● **Data to use**:
*-*-*

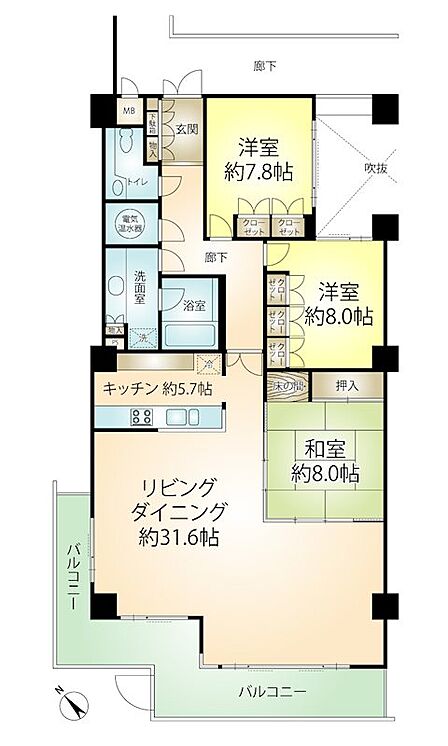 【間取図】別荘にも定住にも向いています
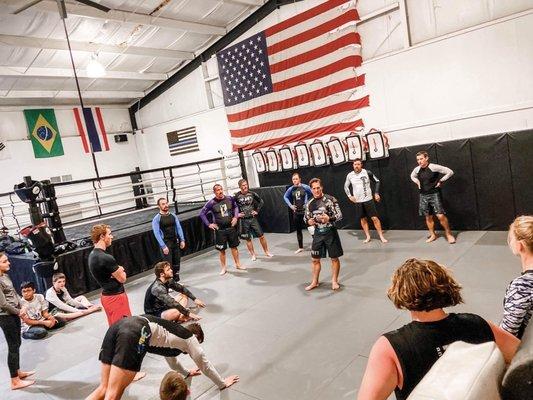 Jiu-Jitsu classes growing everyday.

*-*-*

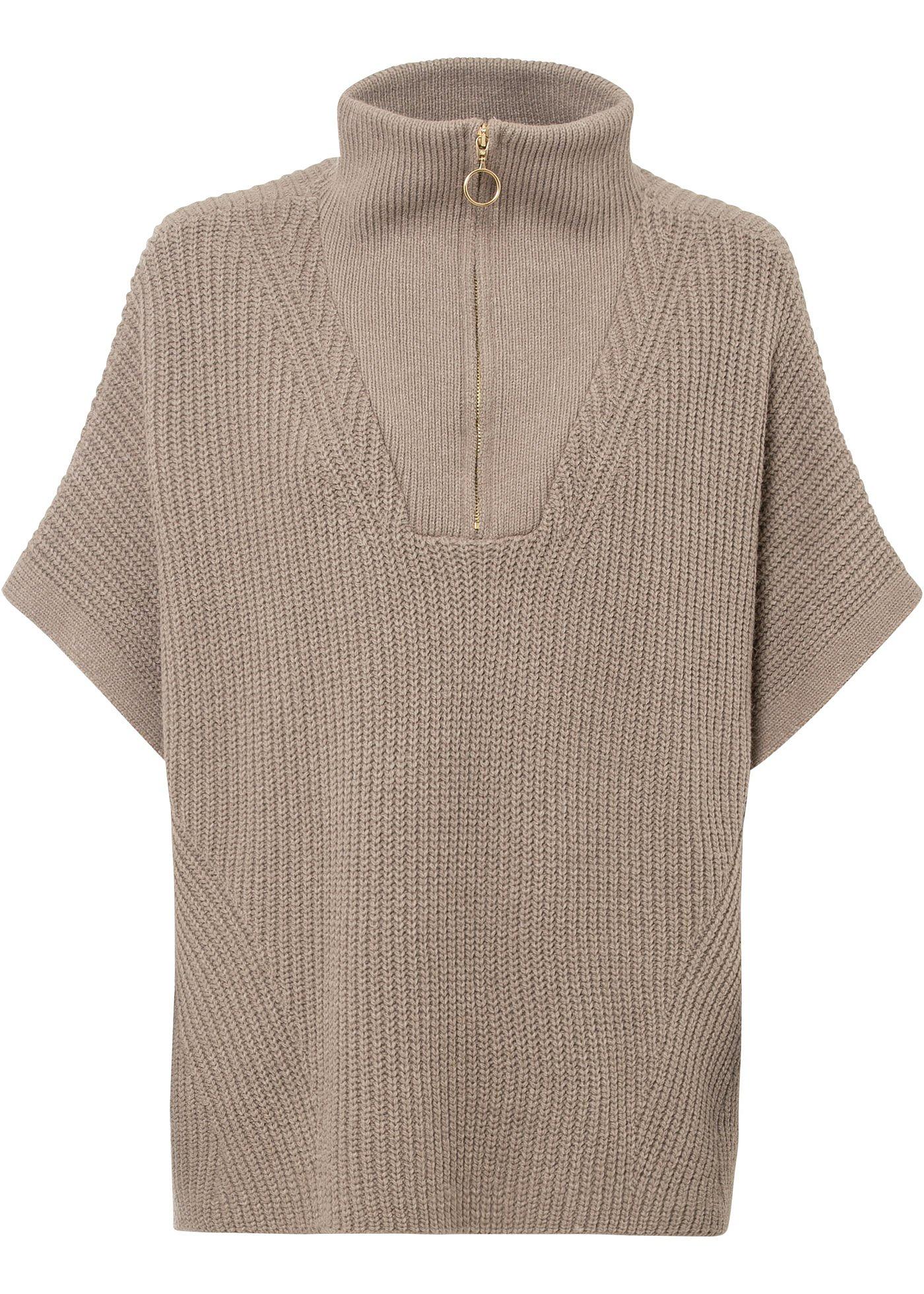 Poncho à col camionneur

*-*-*

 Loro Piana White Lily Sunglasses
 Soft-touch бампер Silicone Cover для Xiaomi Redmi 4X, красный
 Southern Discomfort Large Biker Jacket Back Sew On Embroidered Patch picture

*-*-*

● **What you should do**: Write out, from the lines above, only those from the line with "Soft-touch бампер Silicone" to the line with "Southern Discomfort Large", exactly as given, including the first and the last.

● **Written solution**:
 Soft-touch бампер Silicone Cover для Xiaomi Redmi 4X, красный
 Southern Discomfort Large Biker Jacket Back Sew On Embroidered Patch picture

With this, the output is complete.